Buzzing into the New Year

So, a week after the Holiday show at the Cooperage, 2018 closed out for me (before I got sick) there as well with a handful of acts that have had a high level of generally justified buzz. I'd been wanting to see Whips for quite sometime, and as headlining act, they're what got me off the couch and into the Cooperage, but I wasn't expecting the full night of surprises.

I got there just in time for most of the set of openers Devil's Teeth, and I'm sad I didn't get the whole set. The half hour I did catch blew me away -- for sure, there is no shortage of excellent, wicked surf in this town. They reference surf, garage, punk and "the spaghetti west" in their bio and that's fairly accurate. They're not completely instrumental -- they do sing on a fair number of songs, but that "spaghetti west" description really captures the movie soundtrack quality of their music. It's not just a spaghetti western, though -- it's an action movie chock full of romance and intrigue. They're all over the stage, and Caleb Westphal's sax is the icing on this cake that makes them stand out. Not that the rest of the band aren't sharp players (you have to be to pull off this genre) but the sax takes them off the beach and into a seedy noir nightclub where the danger lurks. Of course, since they're working one of my favorite genres of music well, they're on my "don't miss them" list.

So the next group (I'd hardly call them a band, they were more like a "collective") was an outfit called New Age Narcissism and while the old cliche about the whole being greater than the sum of its parts could be true, this was a group of people whose individual talents could probably stand on their own quite successfully. That makes New Age Narcissism a potential supergroup: every contributor to this thing has the potential to go off and hold a room by themselves, but for some unexplained reason none of them are nationally famous yet. The talent is there. They appear to be held together by Kiran Vedula ("Q the Sun") on keyboards/synths, and Christopher DeAngelo Gilbert, who is a professional dancer in another life. The two of them were the constants on stage, while various other performers drifted on and off.
The first of the adds was a woman called Siren. If you went to her FB page or looked her up on the web, you'd get hits of her singing beautifully folky tunes in some coffeehouse: soulfully delivering lovely songs. And if you expected that on the stage this particular evening, you'd be surprised, because she strutted on stage and belted out a powerful bitter song about hating a lost love with more authority than the Alanis Morrisette T-Shirt she was wearing. She admitted she was nervous, but once she opened up her pipes either she hid her nervousness well or it just went away. But that was it. Let's hear more from Siren! 

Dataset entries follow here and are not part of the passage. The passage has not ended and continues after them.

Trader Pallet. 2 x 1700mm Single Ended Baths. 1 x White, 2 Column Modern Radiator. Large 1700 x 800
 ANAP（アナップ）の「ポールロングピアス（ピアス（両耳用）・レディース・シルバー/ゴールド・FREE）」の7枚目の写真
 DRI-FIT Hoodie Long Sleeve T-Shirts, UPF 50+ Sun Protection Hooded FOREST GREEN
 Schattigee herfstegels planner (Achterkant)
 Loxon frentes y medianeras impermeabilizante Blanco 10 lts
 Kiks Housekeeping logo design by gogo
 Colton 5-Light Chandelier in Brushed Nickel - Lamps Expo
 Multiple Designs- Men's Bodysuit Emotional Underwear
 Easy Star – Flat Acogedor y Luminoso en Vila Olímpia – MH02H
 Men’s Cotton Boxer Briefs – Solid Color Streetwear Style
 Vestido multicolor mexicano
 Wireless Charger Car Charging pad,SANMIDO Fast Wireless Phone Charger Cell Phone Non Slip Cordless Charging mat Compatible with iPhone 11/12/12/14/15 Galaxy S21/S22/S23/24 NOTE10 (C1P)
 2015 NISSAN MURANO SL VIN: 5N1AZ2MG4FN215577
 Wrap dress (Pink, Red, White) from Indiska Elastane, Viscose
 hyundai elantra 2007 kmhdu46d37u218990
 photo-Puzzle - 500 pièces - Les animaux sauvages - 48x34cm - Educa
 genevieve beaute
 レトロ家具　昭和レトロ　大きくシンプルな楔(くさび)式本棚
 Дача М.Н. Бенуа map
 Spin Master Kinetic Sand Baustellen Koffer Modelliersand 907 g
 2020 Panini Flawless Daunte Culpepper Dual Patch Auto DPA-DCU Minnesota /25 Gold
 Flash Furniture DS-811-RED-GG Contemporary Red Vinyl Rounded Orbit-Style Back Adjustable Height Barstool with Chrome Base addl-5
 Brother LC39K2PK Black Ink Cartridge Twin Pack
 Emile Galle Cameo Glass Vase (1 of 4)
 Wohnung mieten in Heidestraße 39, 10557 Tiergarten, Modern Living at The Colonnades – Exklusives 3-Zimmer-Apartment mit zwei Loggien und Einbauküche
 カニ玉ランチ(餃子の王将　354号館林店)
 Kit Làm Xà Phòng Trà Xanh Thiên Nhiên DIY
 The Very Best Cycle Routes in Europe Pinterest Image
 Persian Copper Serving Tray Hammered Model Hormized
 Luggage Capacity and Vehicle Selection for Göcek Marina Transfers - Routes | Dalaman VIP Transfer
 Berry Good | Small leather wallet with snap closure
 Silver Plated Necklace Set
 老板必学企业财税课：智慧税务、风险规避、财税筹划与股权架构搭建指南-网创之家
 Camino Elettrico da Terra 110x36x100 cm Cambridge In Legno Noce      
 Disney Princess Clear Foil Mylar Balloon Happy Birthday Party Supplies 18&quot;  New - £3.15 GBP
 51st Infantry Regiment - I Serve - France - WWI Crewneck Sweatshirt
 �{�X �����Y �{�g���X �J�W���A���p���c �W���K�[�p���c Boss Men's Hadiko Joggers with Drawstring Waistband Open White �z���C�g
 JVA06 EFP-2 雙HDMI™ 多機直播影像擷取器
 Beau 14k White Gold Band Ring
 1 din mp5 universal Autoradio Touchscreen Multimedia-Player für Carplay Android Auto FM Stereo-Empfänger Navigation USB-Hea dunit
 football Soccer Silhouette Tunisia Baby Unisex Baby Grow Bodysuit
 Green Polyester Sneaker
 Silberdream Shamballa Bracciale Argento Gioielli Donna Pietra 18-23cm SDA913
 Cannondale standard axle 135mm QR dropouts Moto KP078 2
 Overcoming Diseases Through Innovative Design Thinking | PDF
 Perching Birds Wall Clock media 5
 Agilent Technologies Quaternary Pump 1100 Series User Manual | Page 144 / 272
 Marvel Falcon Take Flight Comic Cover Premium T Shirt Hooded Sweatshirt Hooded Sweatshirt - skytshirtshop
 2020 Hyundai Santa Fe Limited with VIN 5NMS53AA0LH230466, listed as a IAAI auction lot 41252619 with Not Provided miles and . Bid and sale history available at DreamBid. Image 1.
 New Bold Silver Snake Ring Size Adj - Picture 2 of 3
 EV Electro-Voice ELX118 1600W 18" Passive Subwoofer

She was followed by what for me was highlight of the night, Lex Allen. I'd seen him a week before at a Christmas show, and even his short time on stage there was bursting with so much talent and charisma I knew I had to see him again, even if he was not working my favorite genre. (I'm not a big smooth R&B person.) But he's so good he transcends whatever genre he's working and he crossed plenty during his set of less than a half dozen songs --he name drops Janelle Monae as an influence in his bio, and anybody who does that gets points in my book (and he lives up to the comparison in his breadth of work.) First of all, you can't stop looking at him in his fabulous skintight sequined mini dress that showed off his great legs shoved into shiny black booties. I wouldn't call him a cross-dresser or a drag queen -- he wasn't wearing makeup or trying to hide his masculinity. He simply is a man who looks sensational in a dress (think: David Bowie on the cover of The Man Who Sold the World). He opens his set with some R&B (and wins me over with it), opens up with some classic soul, and the next thing you know, he's kicking out an amal nitrate fueled grind with the jubilant chorus "I STRUCK GOLD!" (yes, he had the crowd singing along) with a groove reminiscent of Lady Gaga's first couple of hits. He poses and preens and sticks out his booty, while assuring us during "Bitch U Fabulous" that we are too.   He constantly flirts with a crowd that already loves him, and he writes and performs catchyass songs that should be hits. In the meantime, Q the Sun and Gilbert are holding down the fort and making it look easy. I'm downloading his latest album now (oh, and he covers Pete Townshend.)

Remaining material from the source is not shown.